- PROBLEM TO WORK ON
Please reproduce the entries exactly as they appear below, but not the pictures.

○ ○ ○ ○ ○ ○ ○

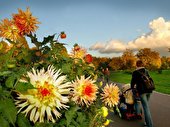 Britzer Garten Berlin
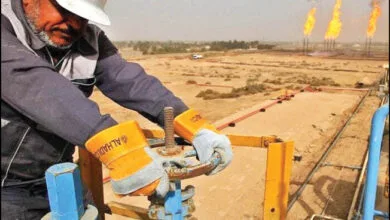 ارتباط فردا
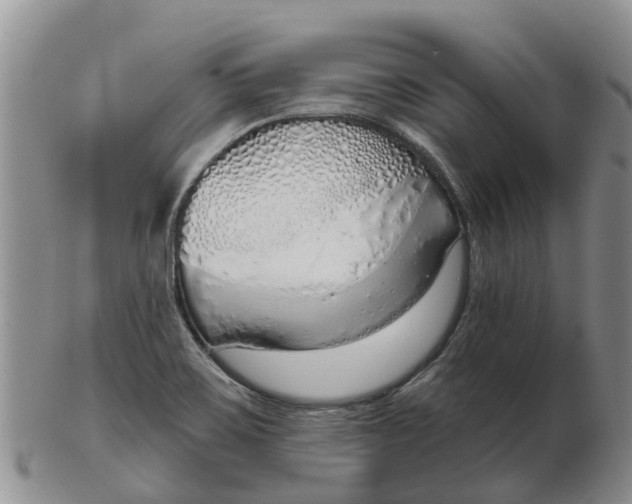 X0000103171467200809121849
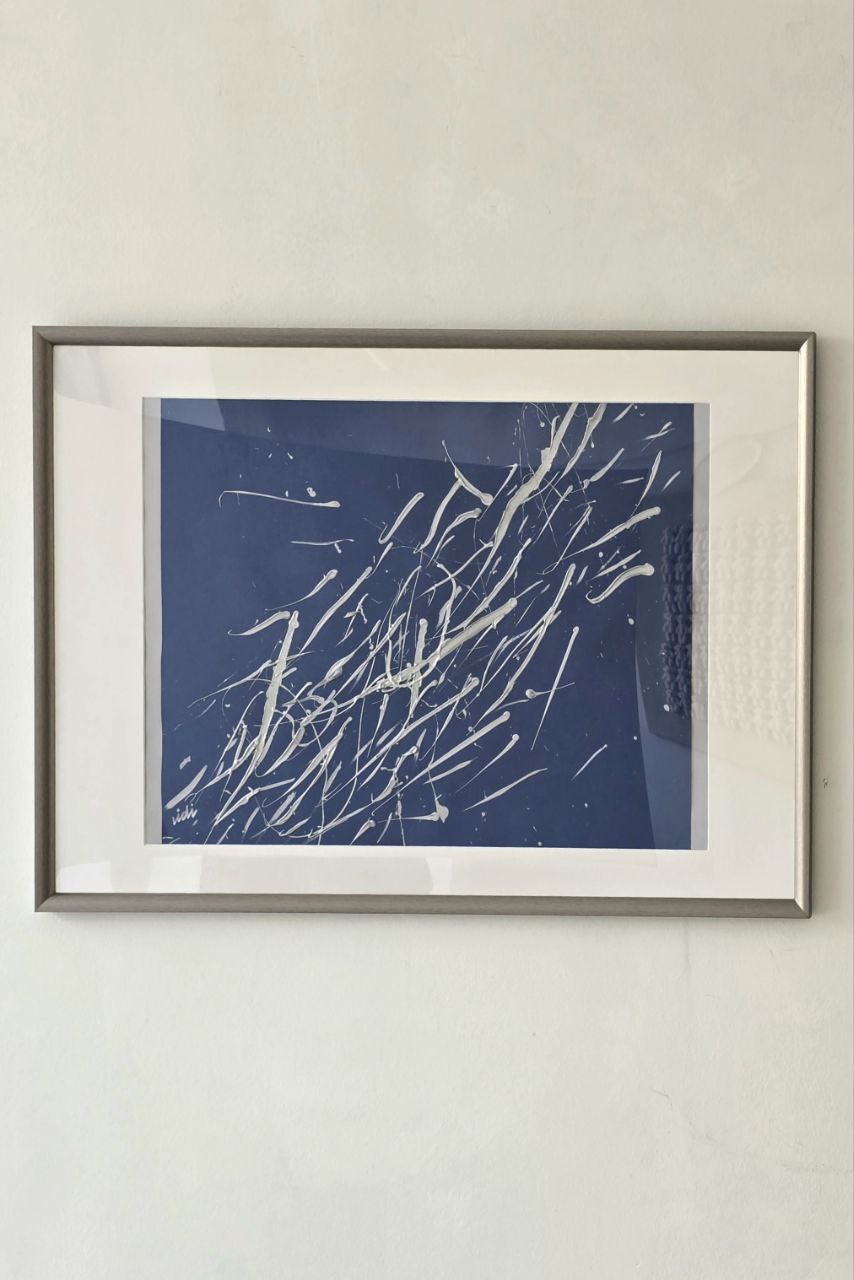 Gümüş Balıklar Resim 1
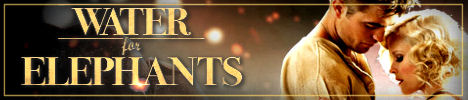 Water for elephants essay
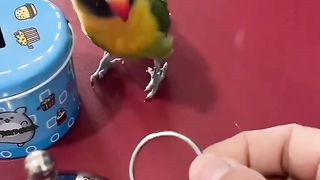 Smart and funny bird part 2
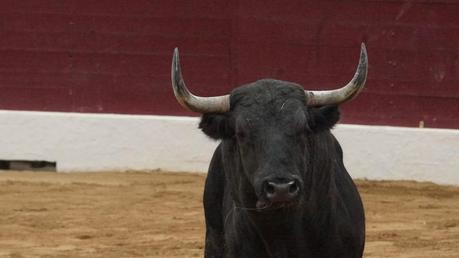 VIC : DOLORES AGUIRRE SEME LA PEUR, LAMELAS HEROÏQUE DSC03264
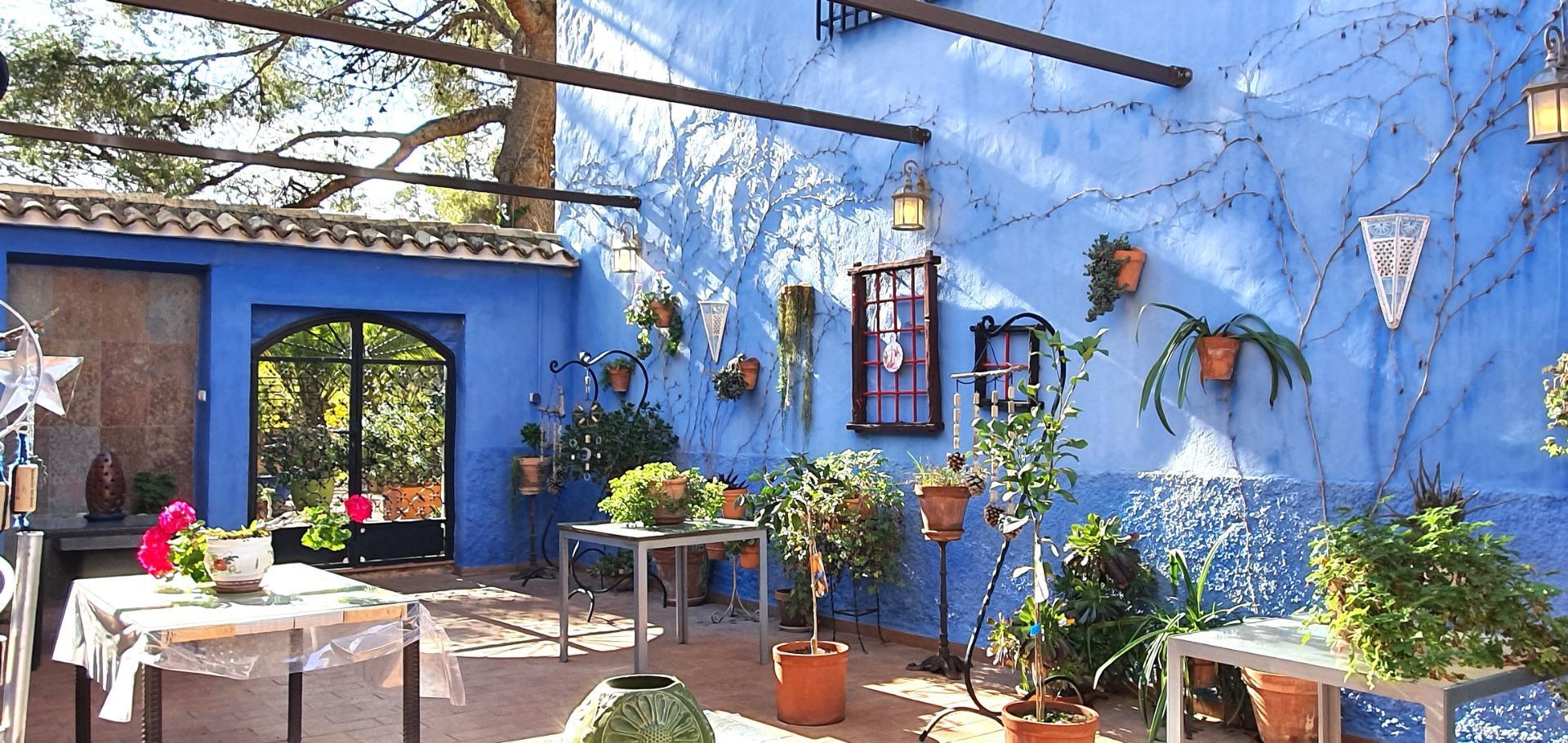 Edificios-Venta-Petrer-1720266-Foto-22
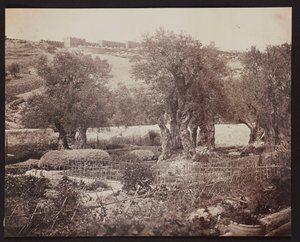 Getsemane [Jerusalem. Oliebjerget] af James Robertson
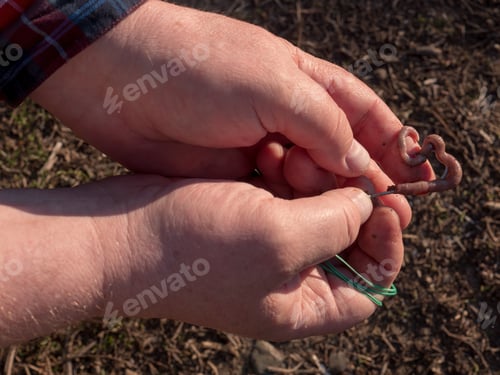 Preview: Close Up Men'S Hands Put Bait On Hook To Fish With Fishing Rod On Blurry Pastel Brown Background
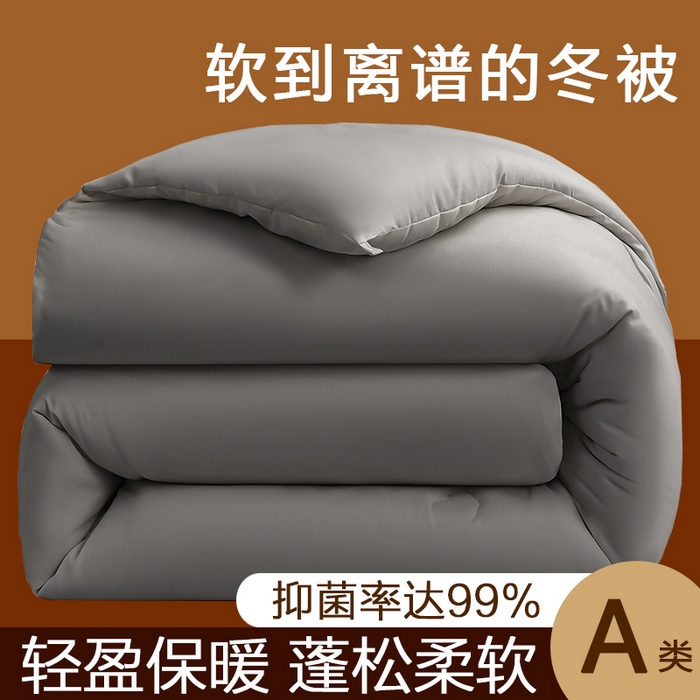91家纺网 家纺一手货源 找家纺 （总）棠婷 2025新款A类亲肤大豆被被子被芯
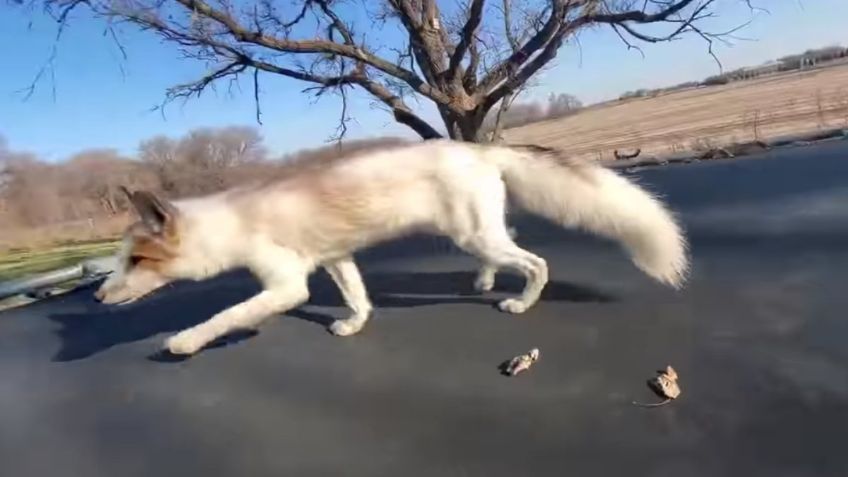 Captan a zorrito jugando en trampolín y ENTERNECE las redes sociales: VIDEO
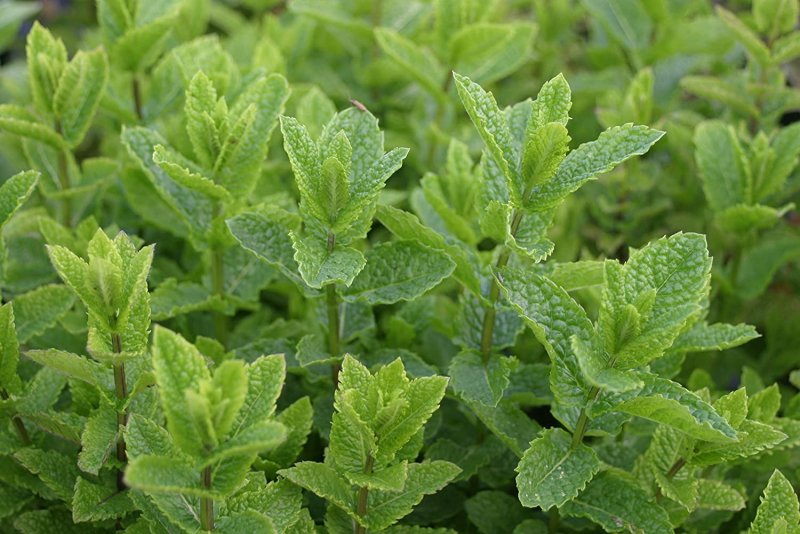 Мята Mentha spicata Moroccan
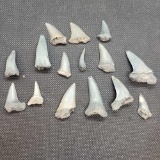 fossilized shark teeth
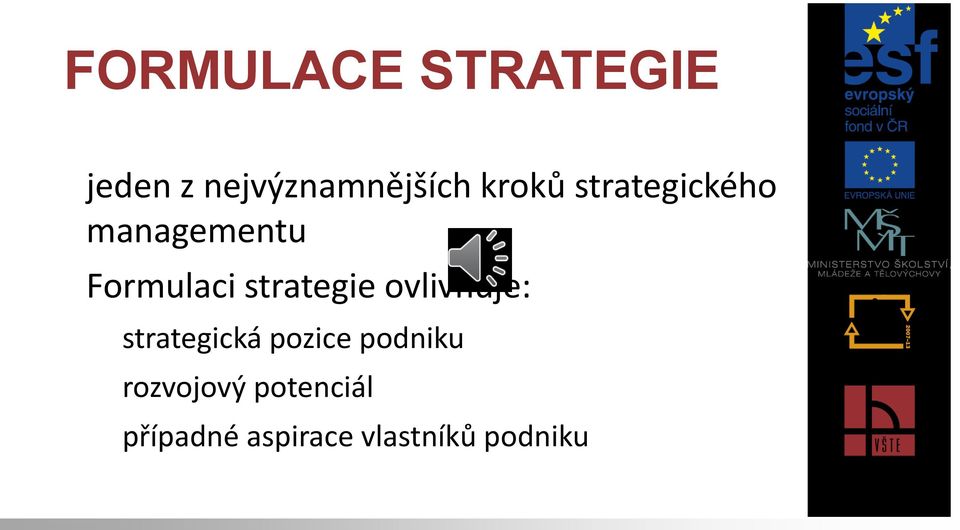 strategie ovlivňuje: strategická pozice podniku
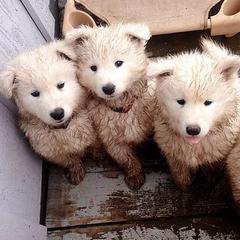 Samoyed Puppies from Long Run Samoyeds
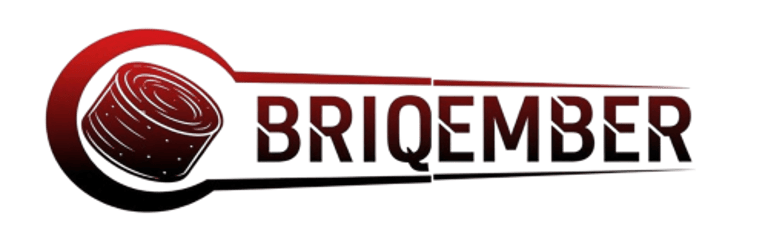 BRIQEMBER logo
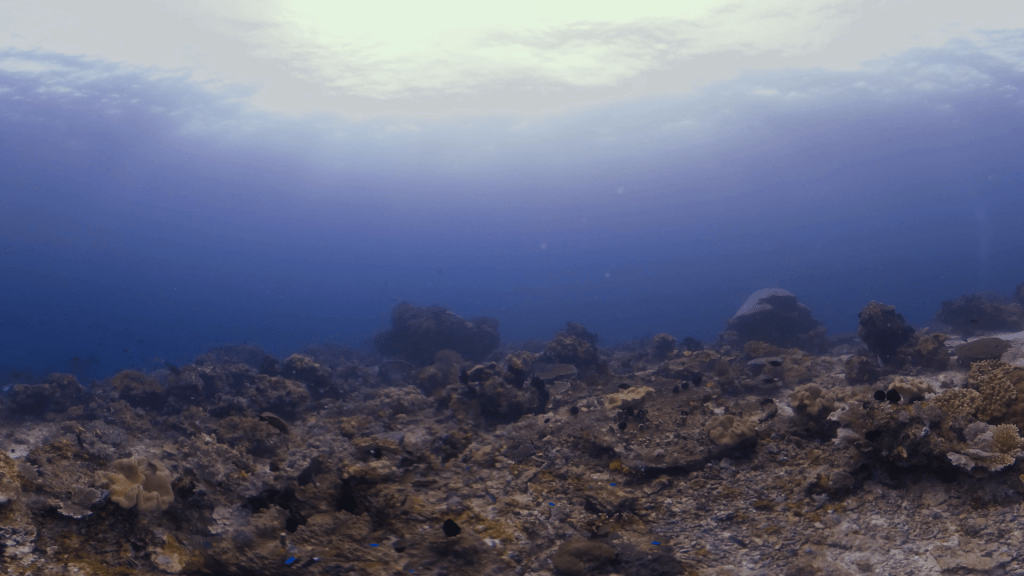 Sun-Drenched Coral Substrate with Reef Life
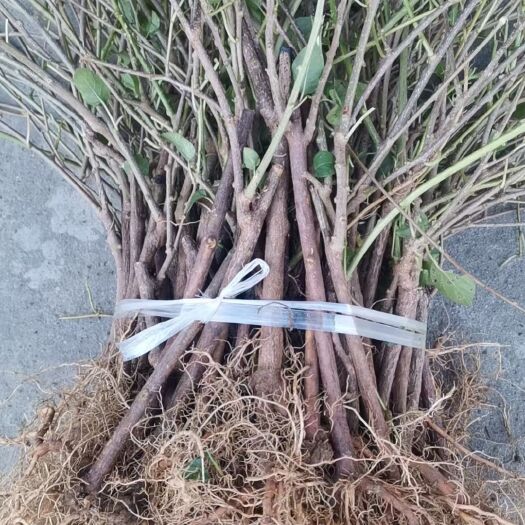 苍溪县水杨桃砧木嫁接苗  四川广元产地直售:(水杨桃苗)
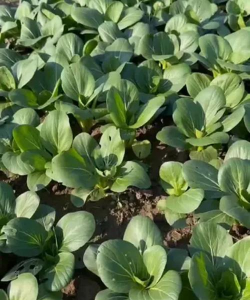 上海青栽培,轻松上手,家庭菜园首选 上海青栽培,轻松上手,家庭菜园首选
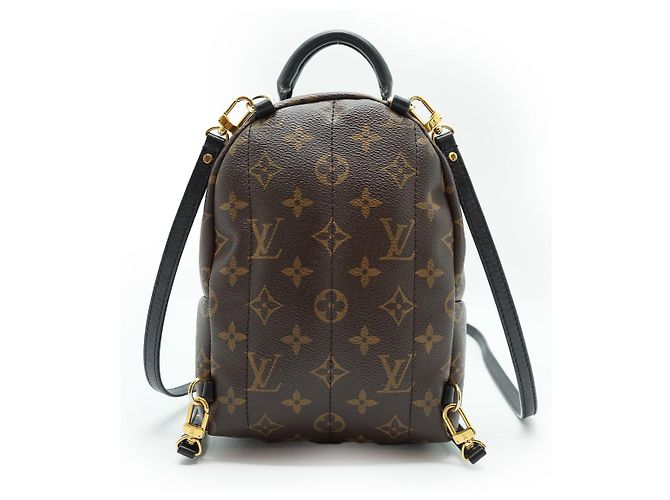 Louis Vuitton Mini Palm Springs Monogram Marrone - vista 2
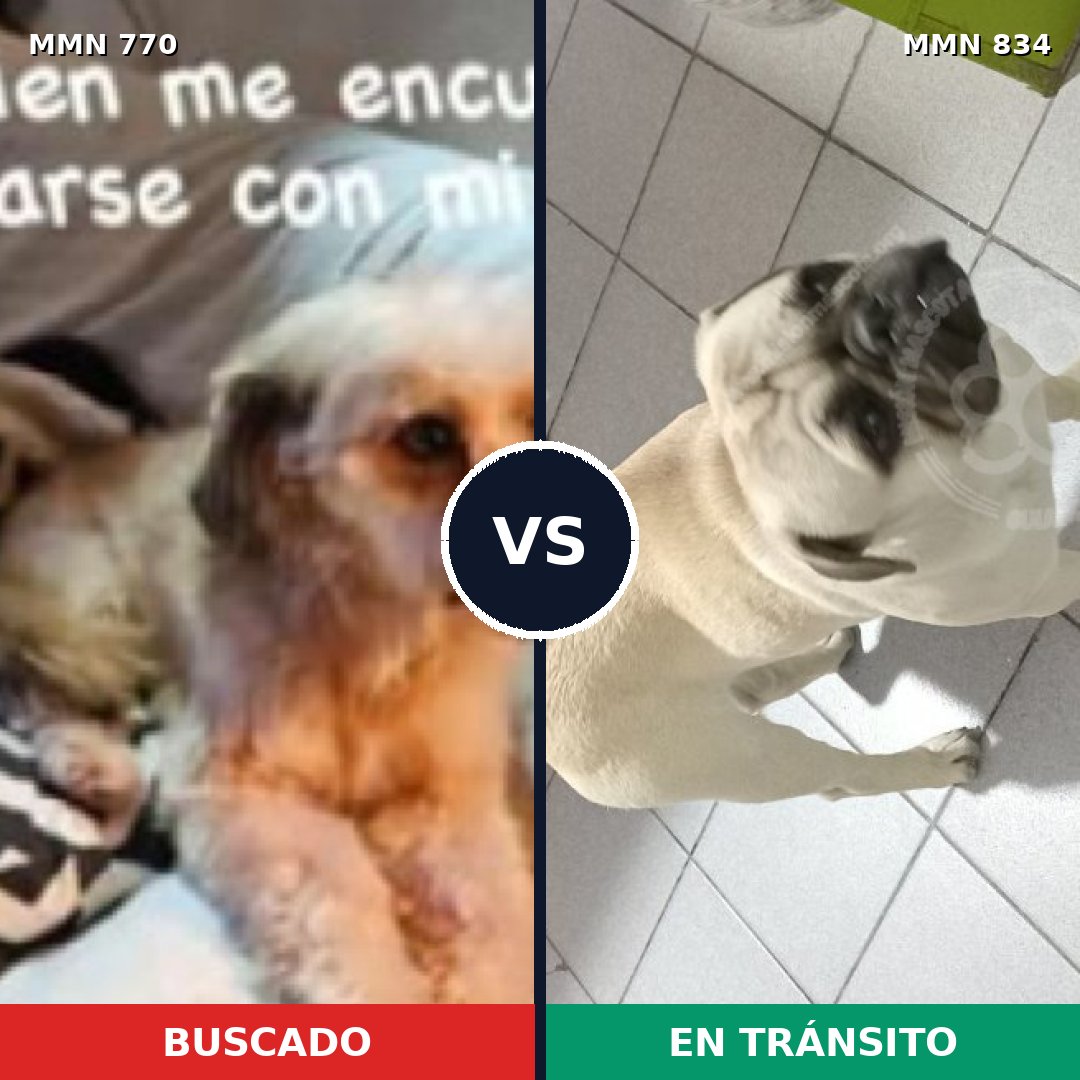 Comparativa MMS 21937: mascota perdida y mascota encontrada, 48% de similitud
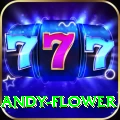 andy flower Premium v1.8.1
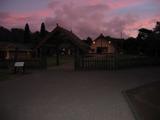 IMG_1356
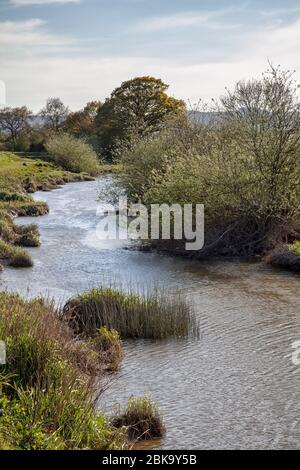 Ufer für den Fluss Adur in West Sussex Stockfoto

○ ○ ○ ○ ○ ○ ○

- RESULT OF THIS EXERCISE
 Britzer Garten Berlin
 ارتباط فردا
 X0000103171467200809121849
 Gümüş Balıklar Resim 1
 Water for elephants essay
 Smart and funny bird part 2
 VIC : DOLORES AGUIRRE SEME LA PEUR, LAMELAS HEROÏQUE DSC03264
 Edificios-Venta-Petrer-1720266-Foto-22
 Getsemane [Jerusalem. Oliebjerget] af James Robertson
 Preview: Close Up Men'S Hands Put Bait On Hook To Fish With Fishing Rod On Blurry Pastel Brown Background
91家纺网 家纺一手货源 找家纺 （总）棠婷 2025新款A类亲肤大豆被被子被芯
 Captan a zorrito jugando en trampolín y ENTERNECE las redes sociales: VIDEO
 Мята Mentha spicata Moroccan
 fossilized shark teeth
 strategie ovlivňuje: strategická pozice podniku
 Samoyed Puppies from Long Run Samoyeds
 BRIQEMBER logo
 Sun-Drenched Coral Substrate with Reef Life
 苍溪县水杨桃砧木嫁接苗  四川广元产地直售:(水杨桃苗)
 上海青栽培,轻松上手,家庭菜园首选 上海青栽培,轻松上手,家庭菜园首选
 Louis Vuitton Mini Palm Springs Monogram Marrone - vista 2
 Comparativa MMS 21937: mascota perdida y mascota encontrada, 48% de similitud
 andy flower Premium v1.8.1
 IMG_1356
 Ufer für den Fluss Adur in West Sussex Stockfoto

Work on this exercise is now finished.